## THE TASK
Nothing but the lines from the one containing "في الجنوب.. عناصر" through the last line of the material should appear in the answer, transcribed exactly, pictures excluded.

## THE DATA
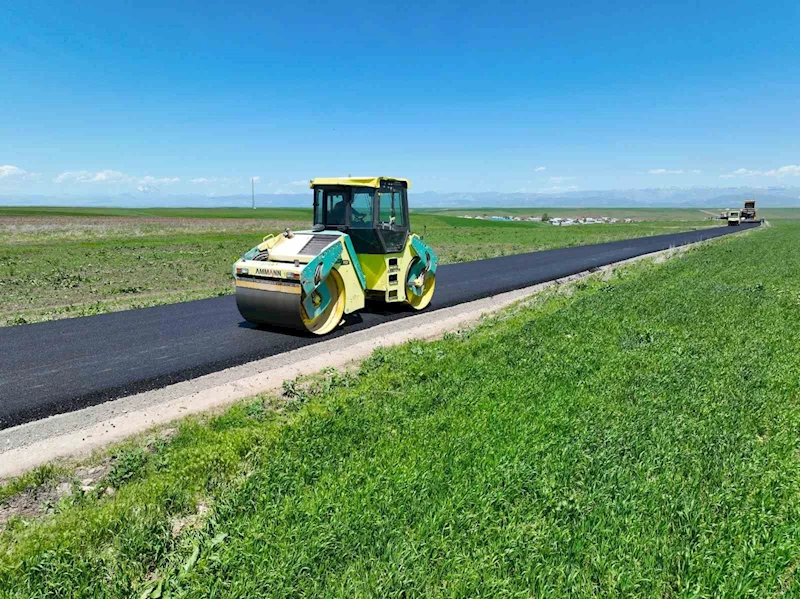 Ağrı’da Yukarı Ağadeve köyünde BSK asfalt yol çalışması tamamlandı
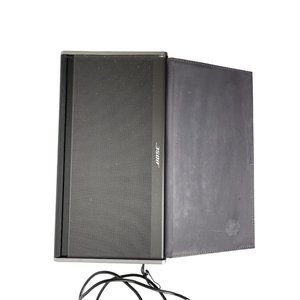 BOSE soundlink bluetooth wireless speaker-Older Version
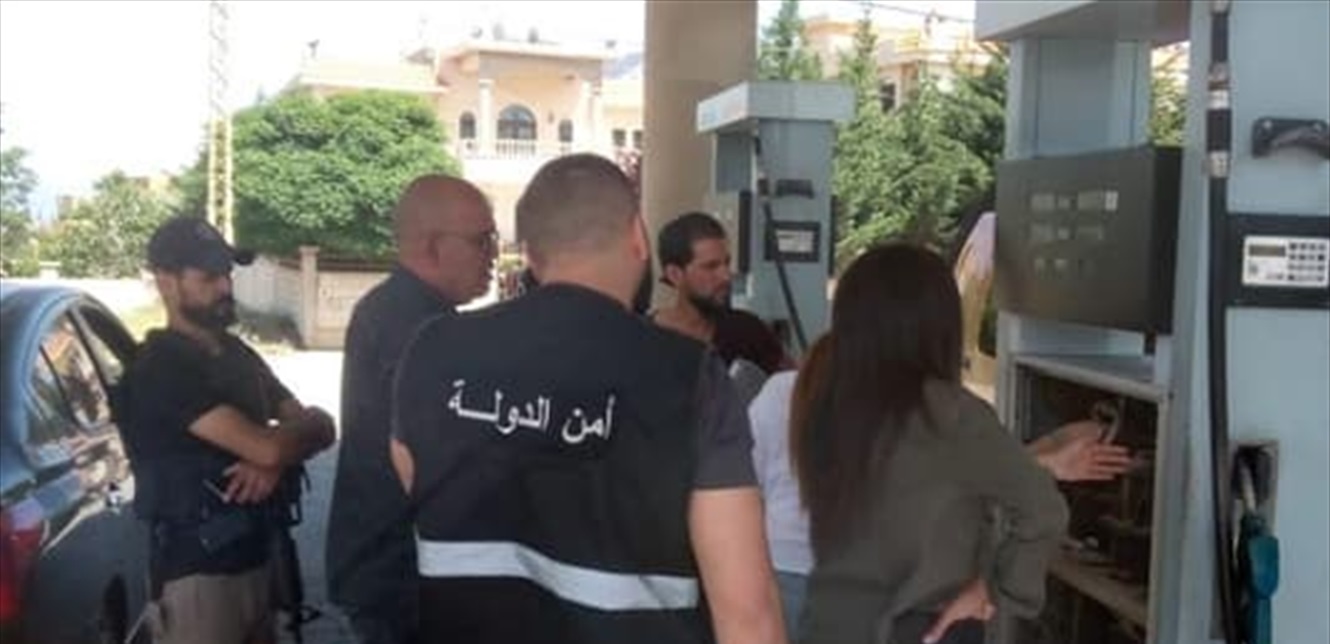 في الجنوب.. عناصر من أمن الدولة تقوم بمهمة تعبئة المحروقات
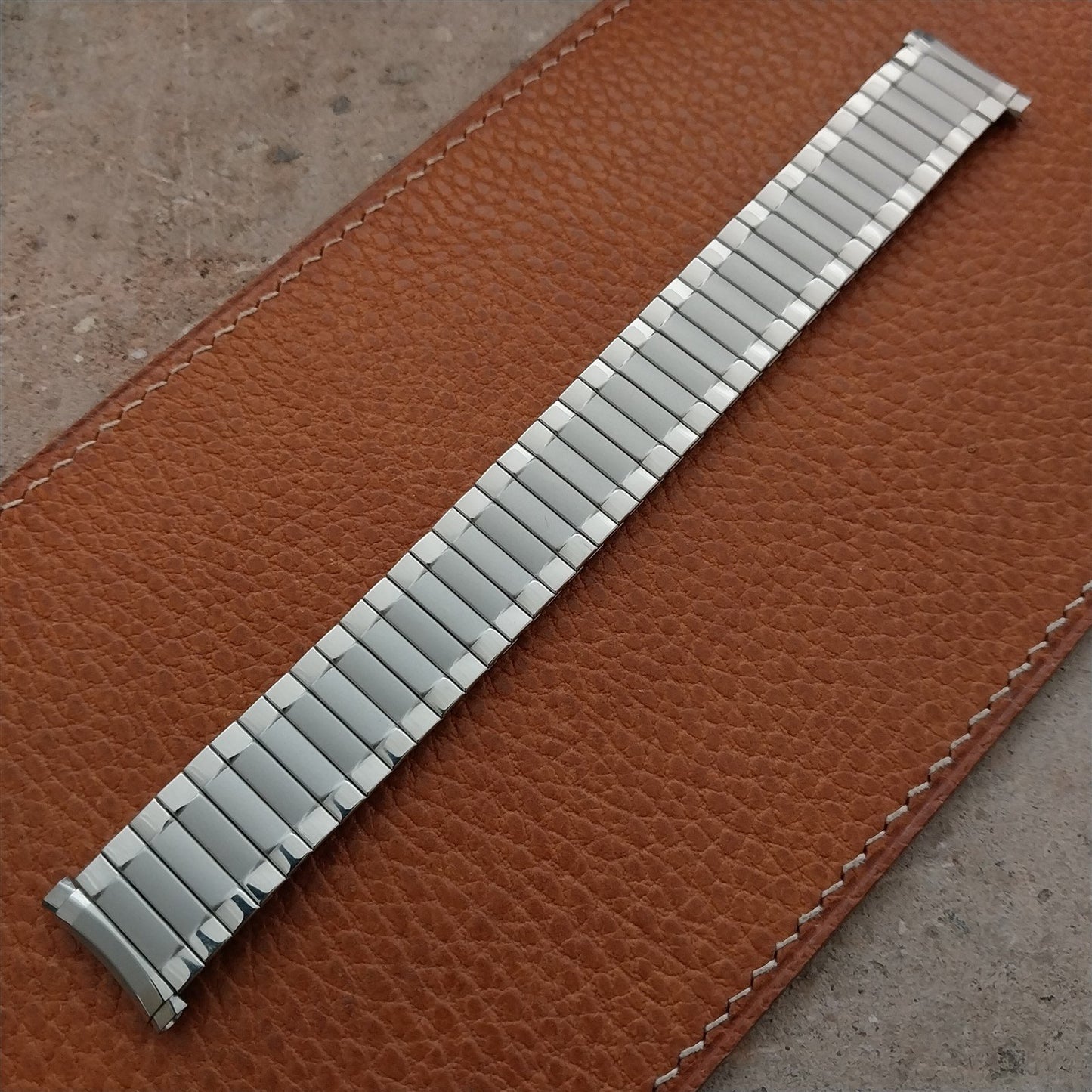 19mm 18mm 17mm Speidel Radial Stainless Wide 1970s Unused Vintage Watch Band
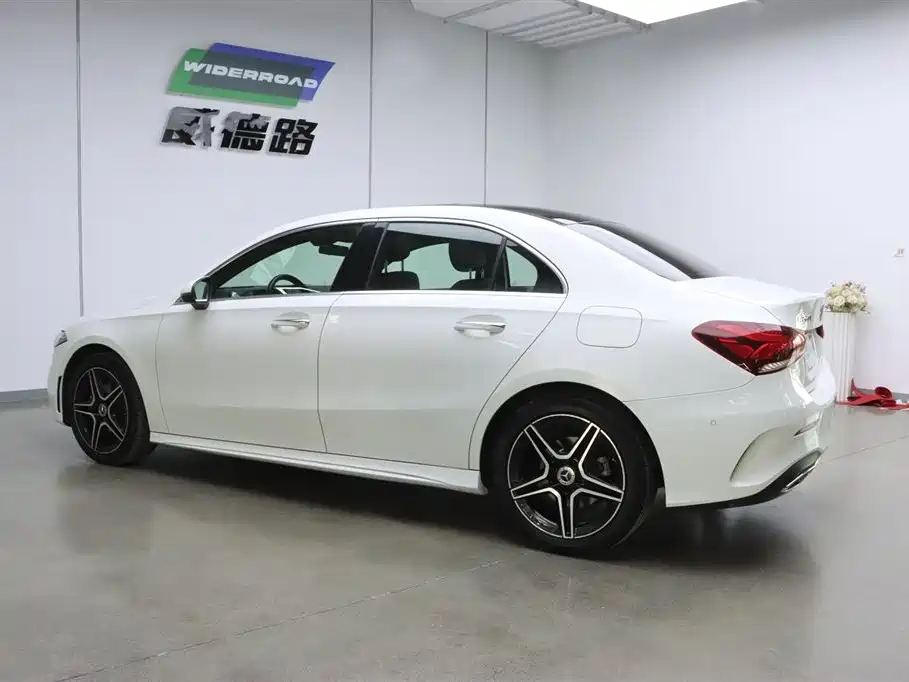 Mercedes-Benz A-Class 2019 A 200 L Sedan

## RESULT OF THE EXERCISE
 في الجنوب.. عناصر من أمن الدولة تقوم بمهمة تعبئة المحروقات
 19mm 18mm 17mm Speidel Radial Stainless Wide 1970s Unused Vintage Watch Band
 Mercedes-Benz A-Class 2019 A 200 L Sedan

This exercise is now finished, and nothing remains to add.